WHAT YOU SHOULD DO: What you return should match the data word for word, minus the images.

DATASET EXTRACT:

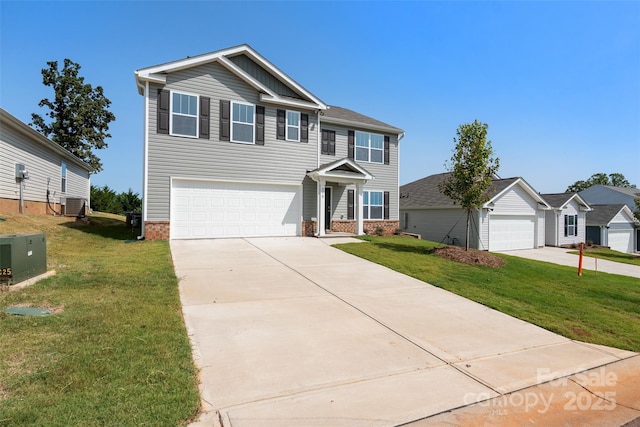 view of front of property featuring cooling unit, a garage, and a front lawn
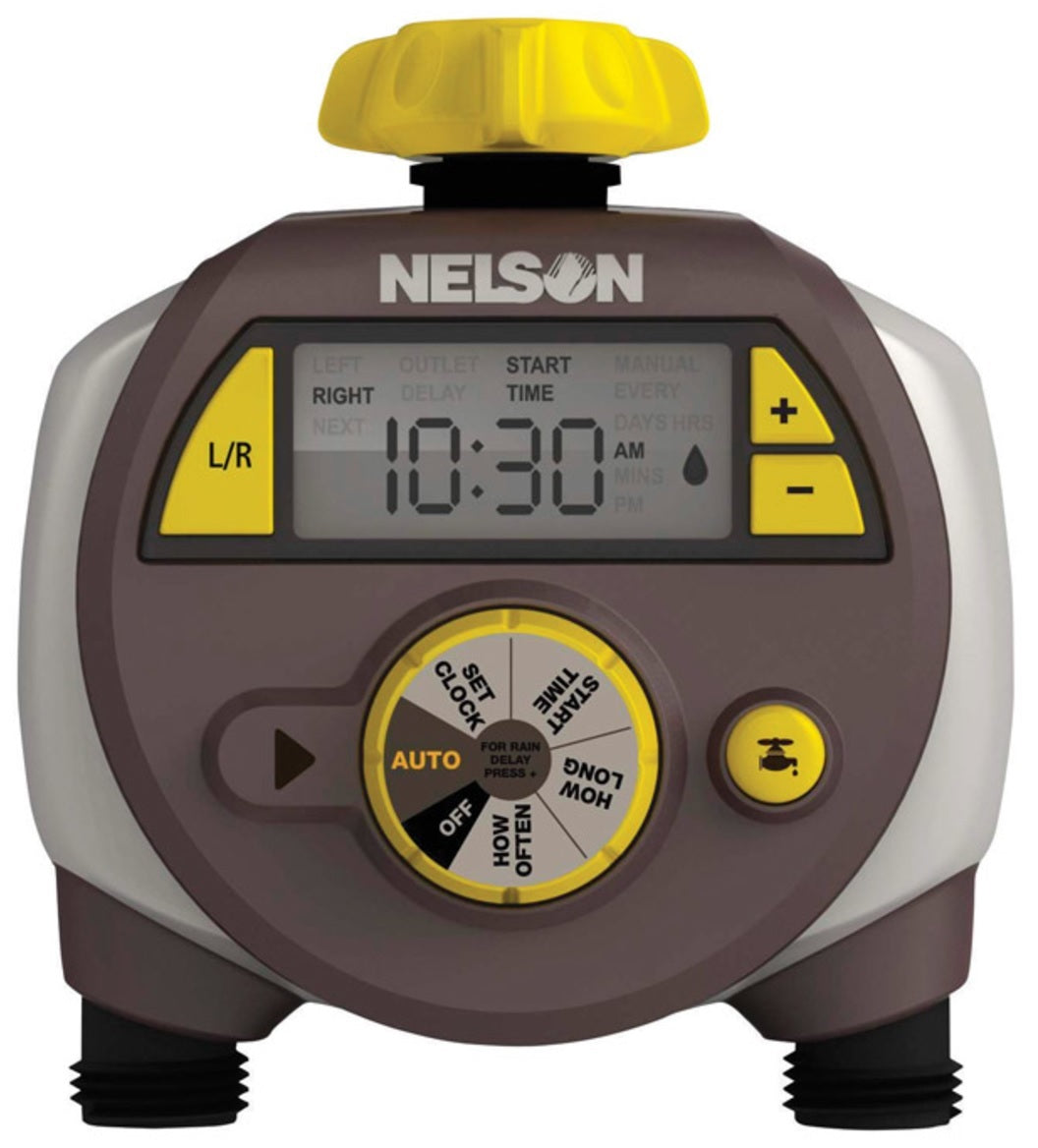Nelson 856124-1001 Programmable 2 Zone Water Timer, Gray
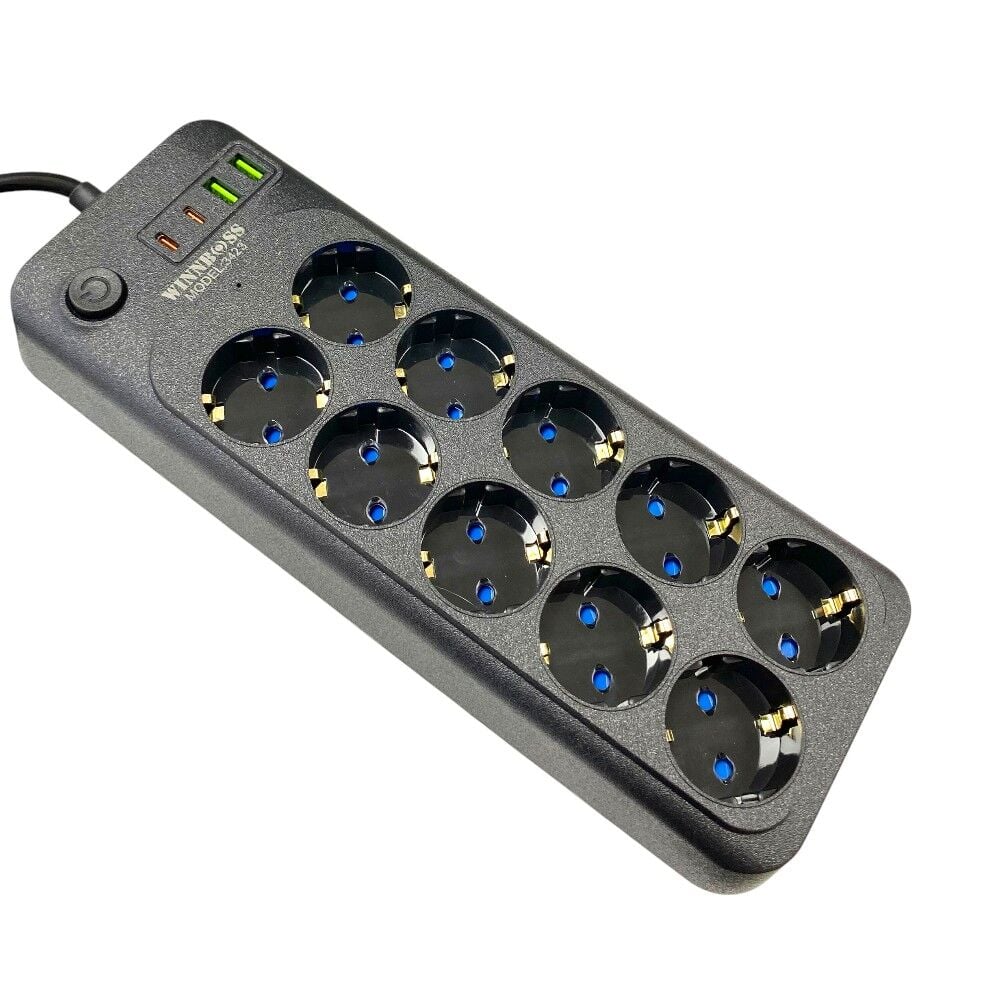 Winnboss 3423 10'lu 2Metre Kablolu 2USB+2TYPE-C Girişli Akım Korumalı Grup Priz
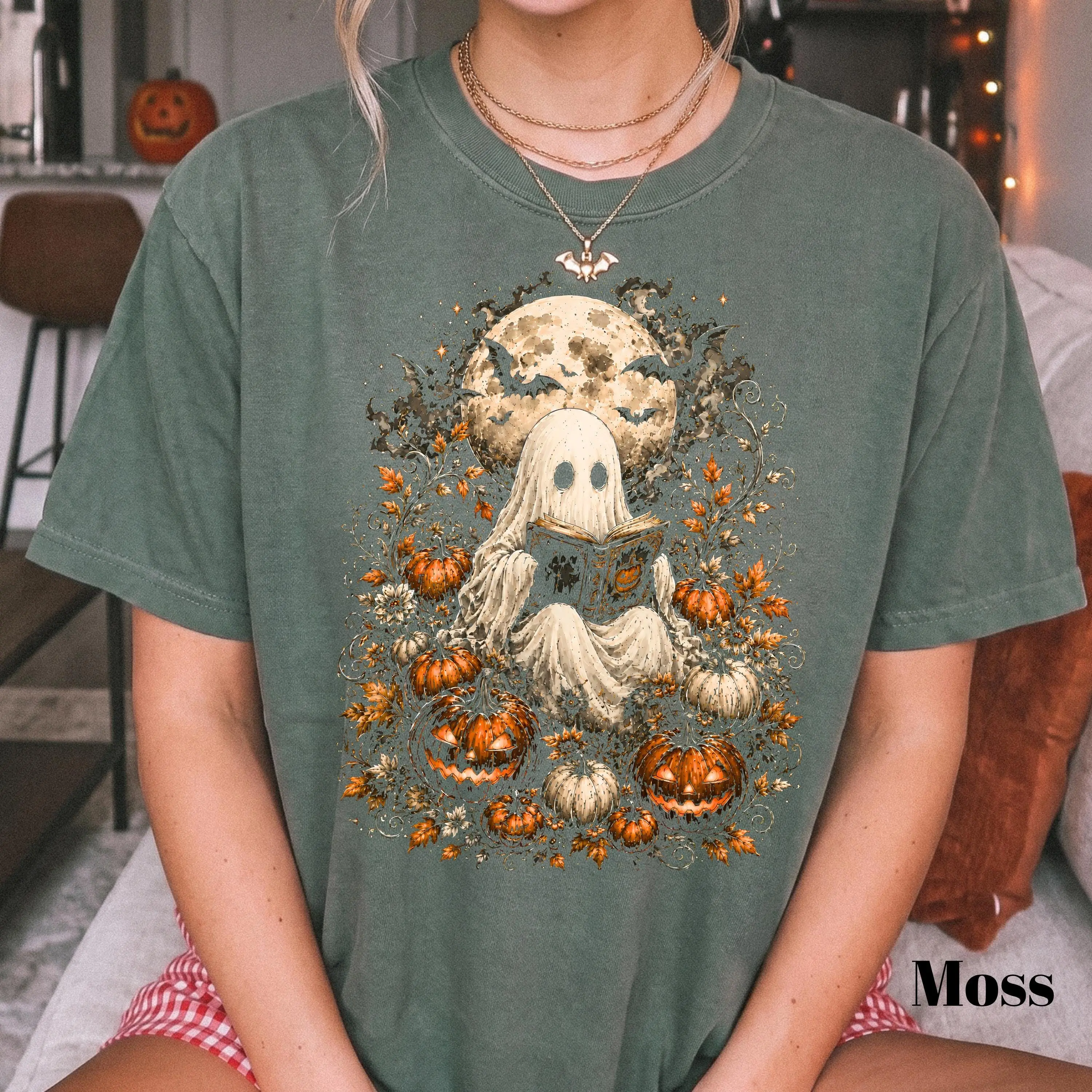 Comfort Colors Ghost Reading Halloween Shirt, Spooky Pumpkin Graphic Tee, Book Lover Gift - photo 5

THE ANSWER:
 view of front of property featuring cooling unit, a garage, and a front lawn
Nelson 856124-1001 Programmable 2 Zone Water Timer, Gray
 Winnboss 3423 10'lu 2Metre Kablolu 2USB+2TYPE-C Girişli Akım Korumalı Grup Priz
 Comfort Colors Ghost Reading Halloween Shirt, Spooky Pumpkin Graphic Tee, Book Lover Gift - photo 5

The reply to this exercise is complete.